Screening across subsidiary businesses

When your business grows to the point where it owns subsidiary businesses – either at home or abroad – there’s every chance that recruitment may be handled very differently from one business to the next. The resulting patchwork of policies and processes could be inefficient, costly and, potentially, unfair. When experienced at a group level, the potential impact of this inconsistency can be exponentially more damaging.

The three critical considerations when considering recruitment and background screening across a corporate family are:

  1. Consistency
  2. Fairness
  3. Legality

Fairness and consistency go hand-in-hand. In the absence of a consistent screening policy, it may be far easier to secure employment in one subsidiary than another – which would be unfair. Checks that are applied incorrectly in one subsidiary may result in someone missing out on employment – which isn’t just unfair but also potentially illegal. And then there’s the added consideration of an employee transferring from one subsidiary company with a relaxed screening policy to one with a tighter policy. Unless the latter has post-employment screening in place, they’ll be taking onboard an employee who would have failed their screening checks if they’d joined as a new recruit.
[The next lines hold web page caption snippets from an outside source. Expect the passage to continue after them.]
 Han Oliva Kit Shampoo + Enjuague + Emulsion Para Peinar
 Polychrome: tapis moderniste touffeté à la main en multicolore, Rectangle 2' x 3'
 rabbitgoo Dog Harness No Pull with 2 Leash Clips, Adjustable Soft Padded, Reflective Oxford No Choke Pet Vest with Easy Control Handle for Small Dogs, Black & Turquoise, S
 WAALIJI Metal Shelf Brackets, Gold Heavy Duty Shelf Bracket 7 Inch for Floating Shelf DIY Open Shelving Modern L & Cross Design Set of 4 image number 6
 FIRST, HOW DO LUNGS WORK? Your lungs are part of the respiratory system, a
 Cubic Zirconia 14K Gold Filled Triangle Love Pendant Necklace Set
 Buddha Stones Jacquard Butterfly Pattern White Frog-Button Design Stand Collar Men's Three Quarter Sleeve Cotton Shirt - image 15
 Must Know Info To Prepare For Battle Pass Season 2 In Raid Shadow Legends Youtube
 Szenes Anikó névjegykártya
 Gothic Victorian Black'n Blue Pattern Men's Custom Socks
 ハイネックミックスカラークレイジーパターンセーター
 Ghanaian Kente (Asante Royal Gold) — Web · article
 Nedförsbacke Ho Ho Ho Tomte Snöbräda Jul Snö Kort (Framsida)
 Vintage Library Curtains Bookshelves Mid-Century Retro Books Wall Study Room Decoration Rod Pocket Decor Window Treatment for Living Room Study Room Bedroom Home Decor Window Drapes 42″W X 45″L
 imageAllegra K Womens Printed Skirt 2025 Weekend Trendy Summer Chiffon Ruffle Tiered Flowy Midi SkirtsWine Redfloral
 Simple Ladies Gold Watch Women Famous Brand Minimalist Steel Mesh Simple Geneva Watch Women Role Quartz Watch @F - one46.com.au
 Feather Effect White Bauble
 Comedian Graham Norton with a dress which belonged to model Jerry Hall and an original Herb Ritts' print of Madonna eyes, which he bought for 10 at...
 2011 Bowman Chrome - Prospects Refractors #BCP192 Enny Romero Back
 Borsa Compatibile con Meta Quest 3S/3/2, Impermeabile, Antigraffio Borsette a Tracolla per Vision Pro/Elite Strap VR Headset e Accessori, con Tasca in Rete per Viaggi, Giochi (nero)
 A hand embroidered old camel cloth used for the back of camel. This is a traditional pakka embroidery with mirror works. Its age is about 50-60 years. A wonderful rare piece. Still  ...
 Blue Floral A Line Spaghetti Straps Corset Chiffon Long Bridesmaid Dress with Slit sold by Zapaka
When your business grows to the point where it owns subsidiary businesses, there’s every chance that recruitment may be handled very differently from one business to the next

Simply having a consistent, streamlined, group-wide policy isn’t the sole consideration though. For any multi-national group, what’s legal in one country might be illegal – or merely culturally unacceptable – in another. That’s when it pays to be up to speed on all the local nuances that need to be factored into a subsidiary screening policy.

Centralisation is often the answer here, with the corporate HQ taking charge of determining the screening policy and then cascading this down through the corporate structure. The flexibility to account for legal differences at a national level needs to be built into both the policy and the screening infrastructure but, this aside, the aim should be to deliver a consistent recruitment experience, no matter how large the group.